Many start thinking about setting up an estate plan when a big life change happens. What bigger change than having children? This blog post addresses the components of a comprehensive care plan for children under the age of 18 in Washington State.

Nominating Guardians

Parents with children under the age of 18 are faced with a difficult question. Who will take care of my child or children if something happens to me? This is where guardian nominations come into play.

Parents are able to hand select the individual or individuals they would like to entrust with their children's care by nominating them as guardians in the appropriate estate planning documents. Namely, a durable power of attorney and last will and testament.
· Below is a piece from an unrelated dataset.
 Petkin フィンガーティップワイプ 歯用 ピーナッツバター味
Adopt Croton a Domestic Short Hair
Note, a verbal agreement or selection as a godparent is not a legally sufficient way to nominate a guardian. Nominations must occur through the estate planning documents mentioned above.

Care Plan During Life

A durable power of attorney is a document in which a parent can authorize an individual to act as guardian while the parent is still living. This often comes up in scenarios in which the parent is alive, maintains parental rights but is incapacitated or experiencing a disability that prevents the parent from being able to take care of the child or children. RCW 11.125.410.

A durable power of attorney can be used in non-emergency situations as well. For example, if a family member or friend often helps with babysitting, a parent can authorize this individual with decision making power over the child. This can be useful if a parent is at work or traveling and needs help with childcare.

A durable power of attorney is only in effect during the life of the parents who have signed the durable power of attorney. This documents becomes null and void upon death of the parents. RCW 11.125.100(1)(a).

Care Plan After Death

A last will and testament is a legal document that comes into effect after death. Through a last will and testament, parents can nominate guardians for their minor children in the event that both parents die. A court will still need to confirm the guardian nominations but having the guardians listed in the last will and testament facilities a smoother process.

What if one parent dies and the surviving parent has no relationship with the minor child?

Only a court of law can terminate the parental rights of a parent. If the surviving parent is absent and cannot be found, a court will likely approve the guardian nomination in the last will and testament.

In cases where the surviving parent is dangerous or abusive, collecting proof and documentation of this ahead of time can help the nominated guardian in getting confirmed by the court and having the parental rights of the surviving parent terminated.

Disclaimer: The purpose of this post is to provide general information and a general understanding of the law, not to provide specific legal advice. By accessing this blog site you understand that there is no attorney-client relationship between you and Sekhon Law, PLLC. This post should not be used as a substitute for competent legal advice from a licensed professional attorney in your state.